— INPUT DATA —
▽

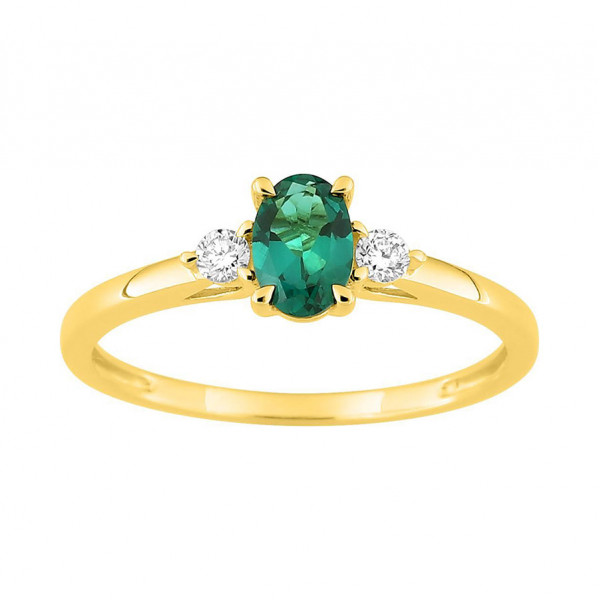 Bague femme Or jaune Emeraude ovale et diamants
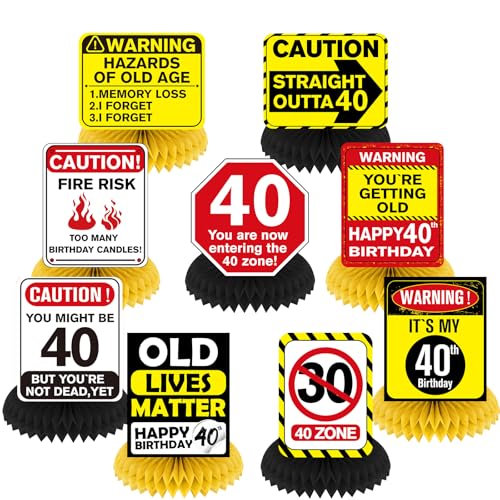 Woosytoo Funny 40th Birthday Decorations 9Pcs 40th Birthday Honeycomb Centerpieces for Adults 40 Years Old Party Decor Cheers to 40 Years Party Banner Table Topper Caution Logos Sign for Men Women - Image 1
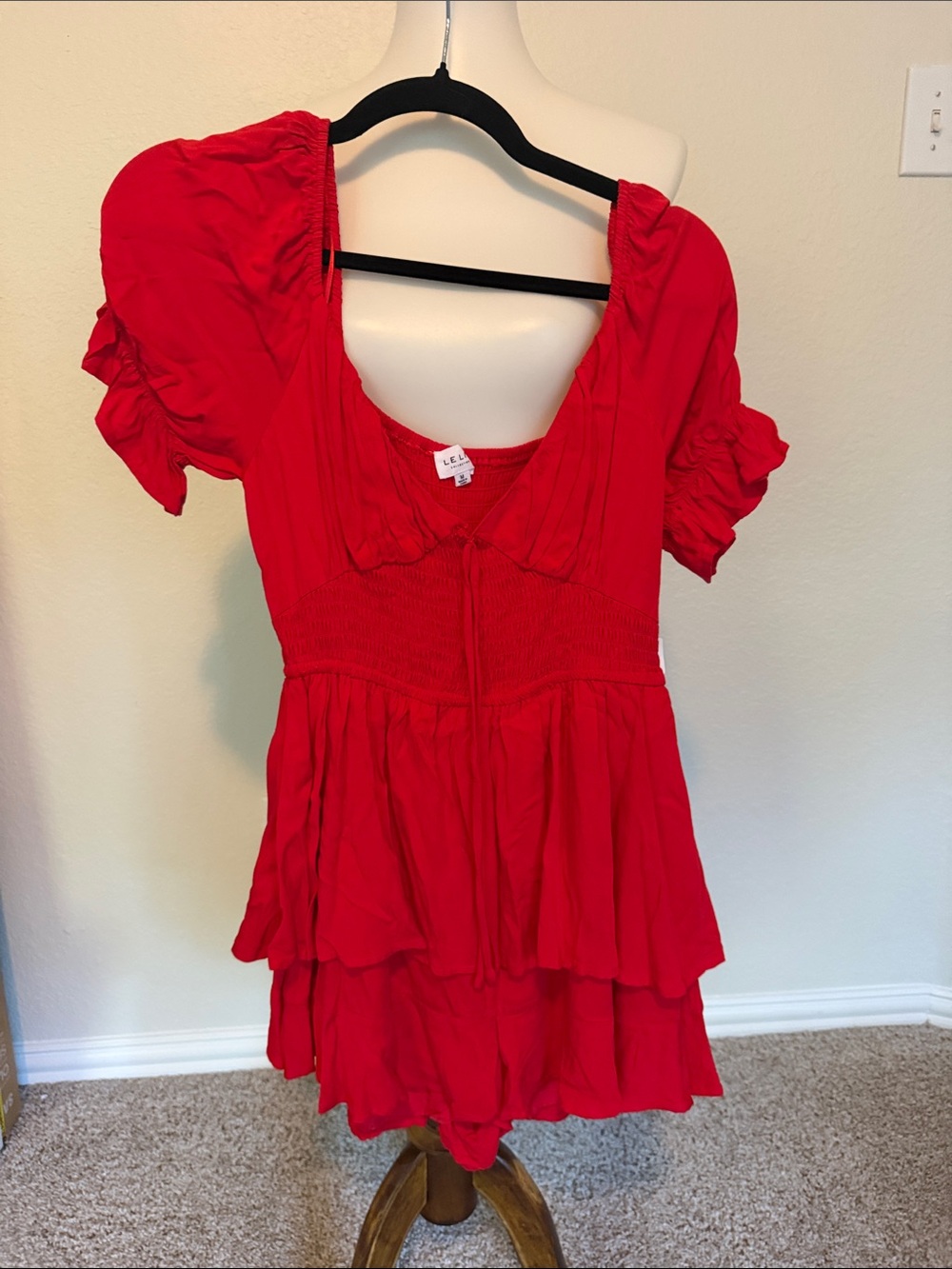 Le Lis Bright Red Puff Sleeve Tiered V-Neck Romper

△

— DESCRIPTION OF THE TASK —
Give back an exact copy of the material above, omitting the pictures.

— ANSWER TO THIS PROBLEM —
 Bague femme Or jaune Emeraude ovale et diamants
 Woosytoo Funny 40th Birthday Decorations 9Pcs 40th Birthday Honeycomb Centerpieces for Adults 40 Years Old Party Decor Cheers to 40 Years Party Banner Table Topper Caution Logos Sign for Men Women - Image 1
 Le Lis Bright Red Puff Sleeve Tiered V-Neck Romper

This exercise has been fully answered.